Alys laughed. “Who cares what she thinks? Shall we buy lace first?”

“No, first I’ll sell my oils.”

Alinor led the way to a stall specializing in dried herbs, crystal stones, oils, ointments, and charms. She knew the stallholder well and he greeted her with a leering smile. “Ah, Mrs. Reekie, I was hoping to see you today. Have you brought me something good?”

“A dozen bottles of mixed oils,” Alinor said.

She put her basket on the stall and looked at his stock while he lifted out each bottle and read the handwritten label. “Very good, very good. I didn’t know that you had wolfsbane? You’ve never brought me any before.”

“I found some growing wild,” Alinor said. “And I thought I’d make some oil. It’s a useful physic, but I doubt that there’s much call for preventing wolves on Tidelands!”

“It’s a very potent poison,” he remarked. “Strange to see a wisewoman selling poison in the broad light of day!”

“It’s a cure for fever too. One drop in a big beaker of ale is a mild treatment against fever. And you can use it on a scorpion bite.”

“We don’t suffer from many scorpions in Chichester,” the man said sarcastically.

Alinor shrugged. “I’ll take it back home if you don’t want it. I can use it for treating fevers.”

“No, no, I’ll buy it. It’s good to have it in stock, even if there is little call for it. What shall I give you for the water of aconite and the other oils?”

“Six shillings,” Alinor said boldly.

“Now, now, I have to pay rent on my shop, and a servant to keep the shop. I can’t spare that. But I will give you four shillings for them all.”

“Six shillings,” Alinor insisted. “For the twelve bottles. And the bottles and corks returned to me.”

“You drive a hard bargain,” he conceded. “As a beautiful woman may do.”

Alinor unpacked the bottles onto his stall and he produced empty bottles from a basket at the back.

“Here, I’ll give you a couple of extra bottles and corks,” he said. “For the wolfsbane.”

“Thank you.”

“Bring me some more next monthly market,” he said. “And I’ll buy dried herbs by the ounce, also.”

“I have some drying now.”

He leaned towards her. “Can you make me something to restore manhood?” he whispered. “I have a customer who would be glad of it.”

“I don’t have a recipe for that,” she said, discouragingly.

“You will have, I know you will have.
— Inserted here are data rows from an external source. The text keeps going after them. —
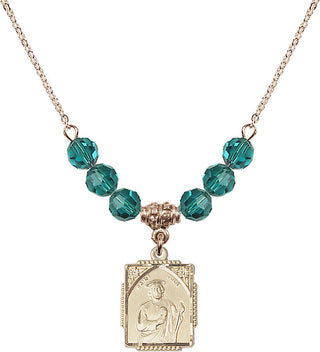 18" Hamilton Gold Plated Necklace with 4mm Zircon Crystal Beads featuring a 14kt Gold Filled Saint Jude Medal. Engraved Catholic Saint Jewelry
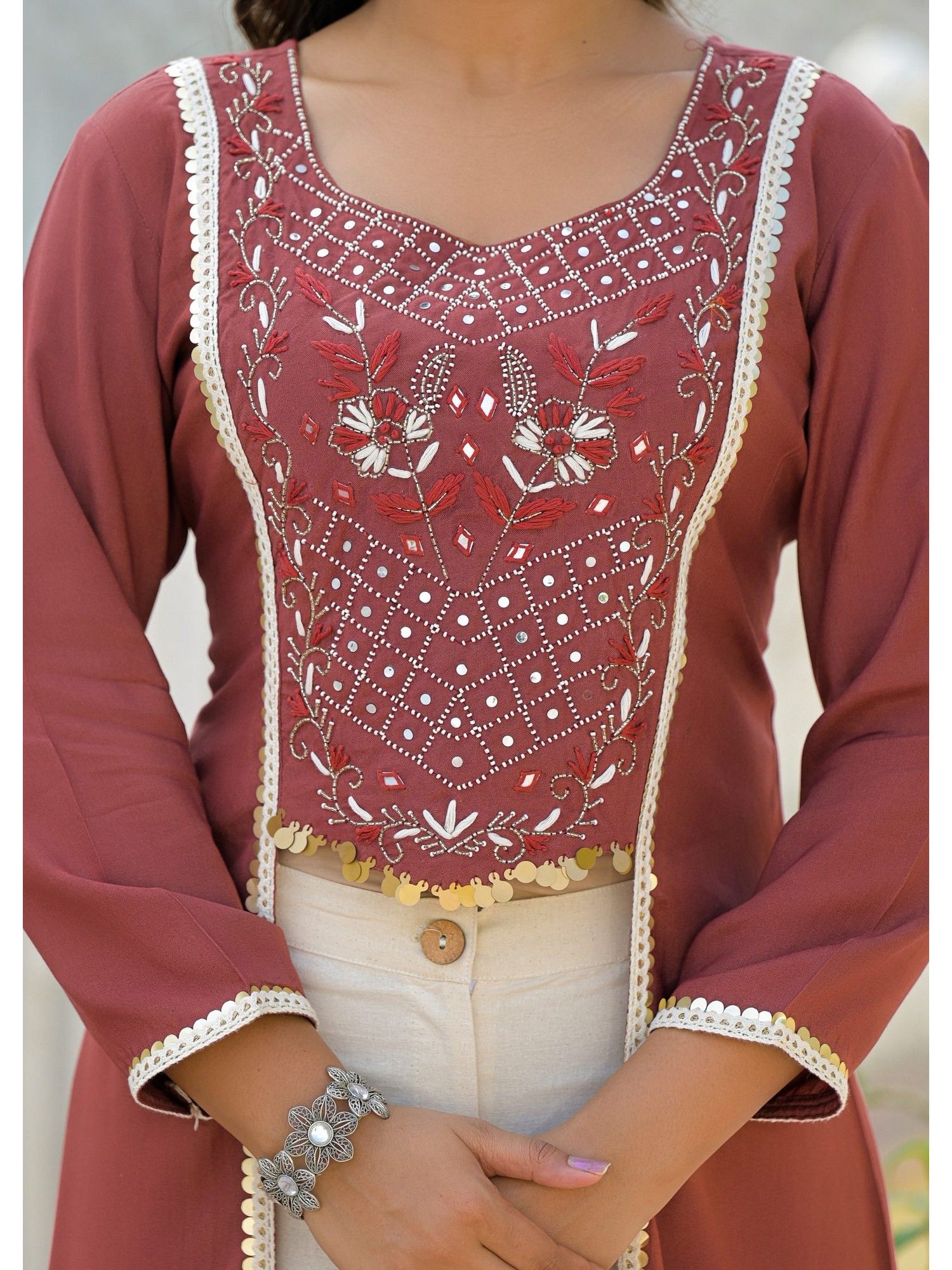 Floral Embroidered Panelled Mirror Work Pure Cotton Kurta with Pant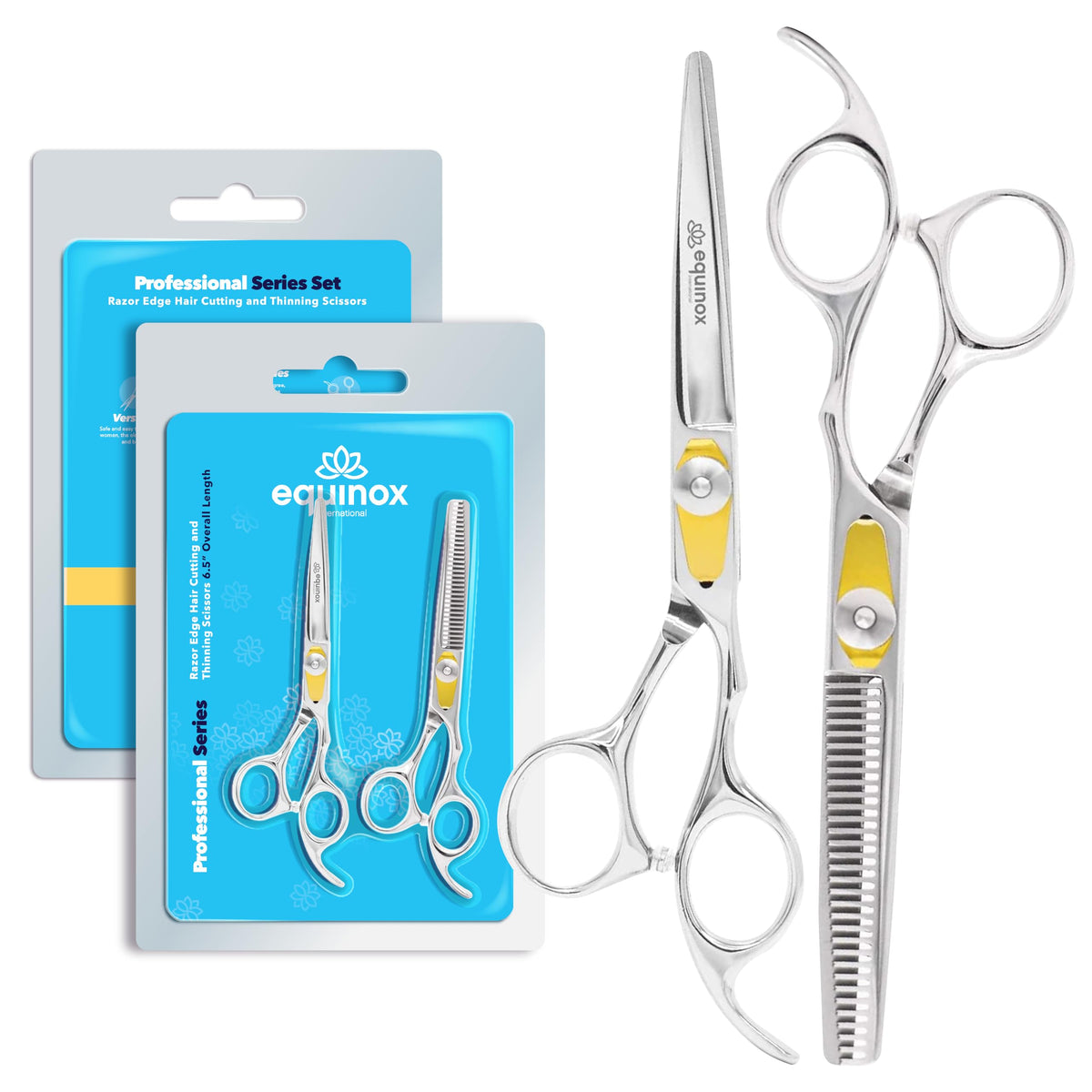 Equinox Professional Hair Cutting Scissors Set front view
It’ll be horny goatweed and bull pizzle, ginger and something like that, boiled up together.”

She shook her head. “I don’t have a recipe. I can’t get hold of such ingredients and if I could, I would not,” she said. “I don’t do anything of that sort.”

He snorted disbelievingly. “Don’t tell me that you turn away good business?”

“I do,” she said steadily. “I make the herb remedies because I know what they do. The goodness, the God-given goodness, is in the plant, a gift from God Himself. But anything with charming and special words is halfway towards magic. My mother’d never have anything to do with it, and neither will I. She taught me to use the herbs that we all know, and not dabble in things that are mysteries—if they work at all.”

“And you a midwife!” he said nastily. “I don’t see why you would put yourself above the act. You pull the baby out, why don’t you help the father to put it in?”